- This article describes the process of repairing inconsistent PGs/damaged objects on your Ceph Cluster.
- Ceph Cluster
- Experiencing HEALTH_ERR state with damaged objects
- PGs that are inconsistent
Identifying damaged PGs
- We can see with ceph -s that we have some inconsistent PGs, and possible data damage.
cluster: id: cec9ca98-b59f-4d91-8ddd-43802195c735 health: HEALTH_ERR 1 scrub errors Possible data damage: 1 pg inconsistent data: pools: 10 pools, 1120 pgs objects: 29.66 k objects, 99 GiB usage: 320 GiB used, 7.7 TiB / 8.0 TiB avail pgs: 1119 active+clean 1 active+clean+inconsistent
To find the damaged PG we can do ceph health detail.
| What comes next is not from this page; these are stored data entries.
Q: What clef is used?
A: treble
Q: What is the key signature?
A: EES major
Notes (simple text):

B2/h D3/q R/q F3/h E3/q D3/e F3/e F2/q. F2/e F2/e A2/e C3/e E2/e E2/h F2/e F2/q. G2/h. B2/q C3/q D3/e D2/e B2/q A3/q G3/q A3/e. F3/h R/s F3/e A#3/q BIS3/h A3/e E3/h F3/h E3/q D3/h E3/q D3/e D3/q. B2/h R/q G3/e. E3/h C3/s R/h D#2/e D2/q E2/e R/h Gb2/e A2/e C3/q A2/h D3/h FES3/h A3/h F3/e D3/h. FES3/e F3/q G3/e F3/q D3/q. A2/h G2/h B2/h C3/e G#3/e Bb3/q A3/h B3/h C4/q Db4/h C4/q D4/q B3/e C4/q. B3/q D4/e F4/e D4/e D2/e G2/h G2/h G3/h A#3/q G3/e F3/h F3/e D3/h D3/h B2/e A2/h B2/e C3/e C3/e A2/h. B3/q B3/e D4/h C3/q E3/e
ceph health detail OSD_SCRUB_ERRORS 1 scrub errors PG_DAMAGED Possible data damage: 1 pg inconsistent pg 13.6 is active+clean+inconsistent, acting [4,18,14]
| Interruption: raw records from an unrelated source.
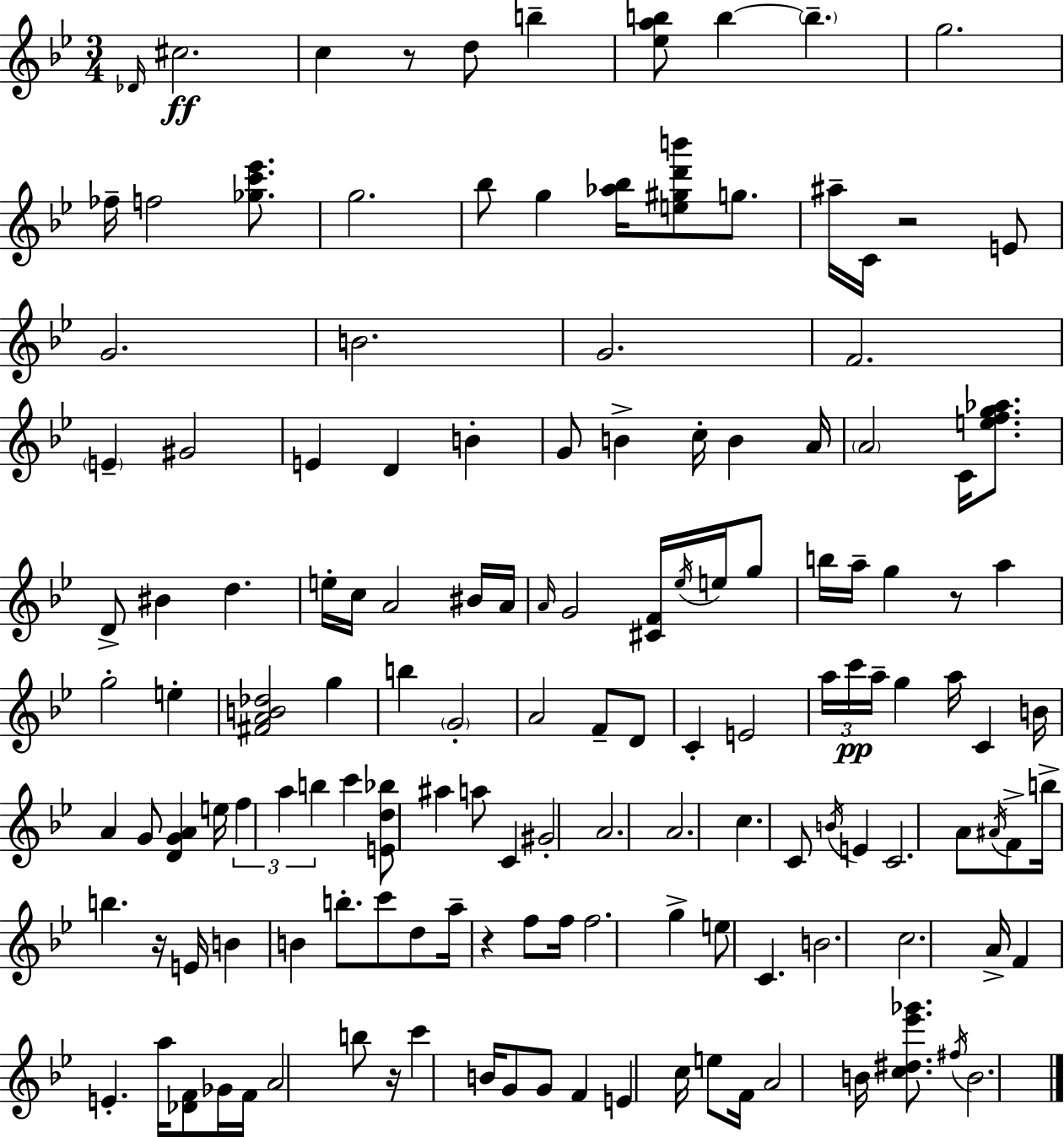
{
  \clef treble
  \numericTimeSignature
  \time 3/4
  \key bes \major
  \grace { des'16 }\ff cis''2. | c''4 r8 d''8 b''4-- | <ees'' a'' b''>8 b''4~~ \parenthesize b''4.-- | g''2. | \break fes''16-- f''2 <ges'' c''' ees'''>8. | g''2. | bes''8 g''4 <aes'' bes''>16 <e'' gis'' d''' b'''>8 g''8. | ais''16-- c'16 r2 e'8 | \break g'2. | b'2. | g'2. | f'2. | \break \parenthesize e'4-- gis'2 | e'4 d'4 b'4-. | g'8 b'4-> c''16-. b'4 | a'16 \parenthesize a'2 c'16 <e'' f'' g'' aes''>8. | \break d'8-> bis'4 d''4. | e''16-. c''16 a'2 bis'16 | a'16 \grace { a'16 } g'2 <cis' f'>16 \acciaccatura { ees''16 } | e''16 g''8 b''16 a''16-- g''4 r8 a''4 | \break g''2-. e''4-. | <fis' a' b' des''>2 g''4 | b''4 \parenthesize g'2-. | a'2 f'8-- | \break d'8 c'4-. e'2 | \tuplet 3/2 { a''16 c'''16\pp a''16-- } g''4 a''16 c'4 | b'16 a'4 g'8 <d' g' a'>4 | e''16 \tuplet 3/2 { f''4 a''4 b''4 } | \break c'''4 <e' d'' bes''>8 ais''4 | a''8 c'4 gis'2-. | a'2. | a'2. | \break c''4. c'8 \acciaccatura { b'16 } | e'4 c'2. | a'8 \acciaccatura { ais'16 } f'8-> b''16-> b''4. | r16 e'16 b'4 b'4 | \break b''8.-. c'''8 d''8 a''16-- r4 | f''8 f''16 f''2. | g''4-> e''8 c'4. | b'2. | \break c''2. | a'16-> f'4 e'4.-. | a''16 <des' f'>8 ges'16 f'16 a'2 | b''8 r16 c'''4 | \break b'16 g'8 g'8 f'4 e'4 | c''16 e''8 f'16 a'2 | b'16 <c'' dis'' ees''' ges'''>8. \acciaccatura { fis''16 } b'2. | \bar "|."
} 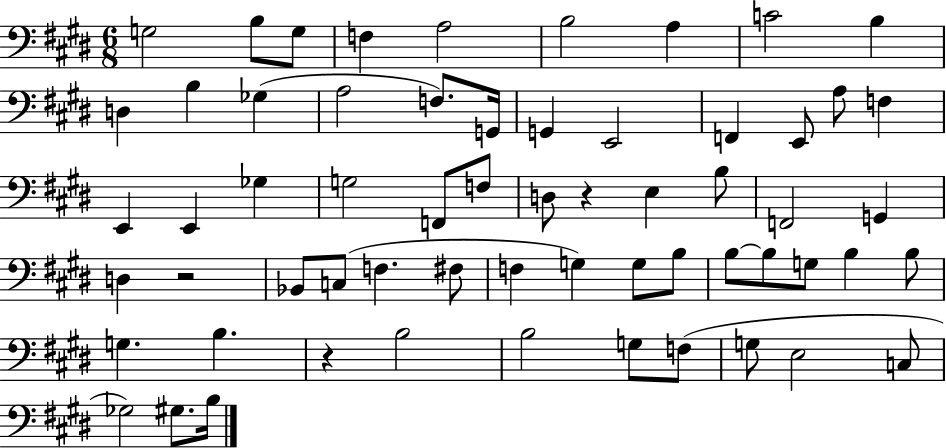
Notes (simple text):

G3/h B3/e G3/e F3/q A3/h B3/h A3/q C4/h B3/q D3/q B3/q Gb3/q A3/h F3/e. G2/s G2/q E2/h F2/q E2/e A3/e F3/q E2/q E2/q Gb3/q G3/h F2/e F3/e D3/e R/q E3/q B3/e F2/h G2/q D3/q R/h Bb2/e C3/e F3/q. F#3/e F3/q G3/q G3/e B3/e B3/e B3/e G3/e B3/q B3/e G3/q. B3/q. R/q B3/h B3/h G3/e F3/e G3/e E3/h C3/e Gb3/h G#3/e. B3/s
As seen in the output above , the PG with the damaged object is 13.6.
Repairing Inconsistent PGs
We can now repair the PG by doing ceph pg repair PG ID.
ceph pg repair 13.6
- Watch that the PG repair has begun in either the Ceph Dashboard or terminal with watch ceph -s.
data: pools: 10 pools, 1120 pgs objects: 29.66 k objects, 99 GiB usage: 320 GiB used, 7.7 TiB / 8.0 TiB avail pgs: 1119 active+clean 1 active+clean+scrubbing+deep+inconsistent+repair
- If successful the cluster should be updated to a healthy state.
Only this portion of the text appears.